Perché, sarei io stato sì vile da gettare sopra di lei la responsabilità di quell’avvenimento, da dirgli come ella mi aveva imposto il suo amore? E quando pure egli ne fosse stato convinto, avrebbe potuto sottrarsi alle esigenze di quei pregiudizi che lo costringevano a pretendere da me una riparazione palese come l’offesa? No, non v’era a questo riguardo alcuna via di transizione; un duello era inevitabile.

Poichè m’ebbi definita la mia situazione in questi termini, mi sentii un poco più tranquillo. Il timore, l’aspettazione di un male, sono un male maggiore di quello che si teme e si aspetta. Mi sarebbe importato poco il morire; mi era avvezzato a questa idea fino da fanciullo, e la mia gioventù non era stata che una lotta continua tra l’istinto tenace della vita, e la mania assidua del suicidio; ma uccidere lui, quell’uomo che sapeva accomodarsi sì bene cogli uomini e coll’esistenza, che era così onestamente felice!... quello era un pensiero che mi lacerava il cuore.

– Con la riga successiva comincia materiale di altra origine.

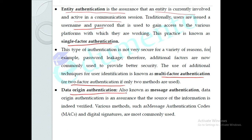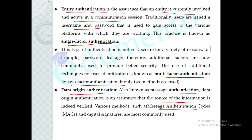The second type is data origin authentication, also known as message authentication. We verify the main source of the information — checking that the source is correct. Techniques used for this include Message Authentication Codes (MAC) and digital signatures. These two topics, MAC and digital signatures, will be studied in detail in a later module.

Di Fosca non mi dava gran pena. Io non l’amava; i mali che ella aveva cagionato parevano disgiungerci ancora di più. La mia pietà era sì poco viva, che il minimo de’ suoi torti bastava a farla tacere.

Le mie idee si rischiararono a poco a poco.

Non si può durare lungamente sotto l’oppressione di un gran dolore. Il cuore, prostrato per un istante, si risolleva subito; la speranza ritorna a sorridere, precorre gli avvenimenti, e ci addita le gioie che devono compensarci di quegli affanni.

Rientrai nella città. Mi pareva d’essermi dimenticato di qualche cosa, aveva nella testa l’idea confusa di un piacere vicino, di una gioia certa, ma non sapeva quale fosse. Ad un tratto me ne sovvenni; fu un baleno: non aveva letto ancora la lettera di Clara.